I've been sorting through my things and as a result have several bags of clothes to go to the local charity shop. It's a wrench to get rid of things this way; it's much more final than storing books and possessions with friends.

But I've found that living on an island means that giving things to the charity shop doesn't guarantee you will never see them again. A few months ago I was in the Coop and a lady's green tweed jacket caught my eye -- because it was my jacket, or rather a jacket I had given away a little while before that. And then it happened again -- a school pupil was wearing a multicoloured scarf that I recognized. My scarf! I wouldn't have dared tell her it once belonged to me. The humiliation of being thirteen years old and finding that not only the fact that you had bought something at a charity shop had been revealed, but that it was also a teacher's! My inner thirteen-year-old cringed in silent sympathy.

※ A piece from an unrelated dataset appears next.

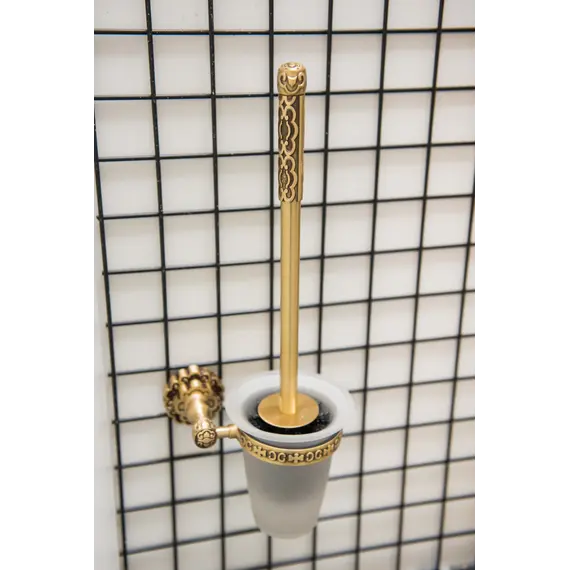 Bronze De Luxe Ершик подвесной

That was a couple on months ago. For the last week, the school has been in a bit of a bùrach, with exams going on and classes being shifted to different rooms to accommodate this. I've had the surprise a few times now of walking into the room I currently occupy to see a group of pupils waiting for a teacher who isn't me. This happened again today, and then one of the technical teachers appeared to usher them away to do some carpentering. On the way out the door, one of the boys, quite a serious lad, handed me something. 'Here, miss,' he said. 'People were throwing it around -- I don't know who it belongs to.'

I looked at what he had given me. It was my scarf -- the one I had given away and that had recently reappeared around a pupil's neck. The technical teacher, on the way out the door, laughed. 'It's yours now,' he said to me.

I wanted to tell him that it was mine to begin with, but I said nothing. Alone in the room, I laughed. There was a message here, I thought, and my mind went to the bags of clothes waiting to be taken to the charity shop -- my work clothes, clothes that I may never need again.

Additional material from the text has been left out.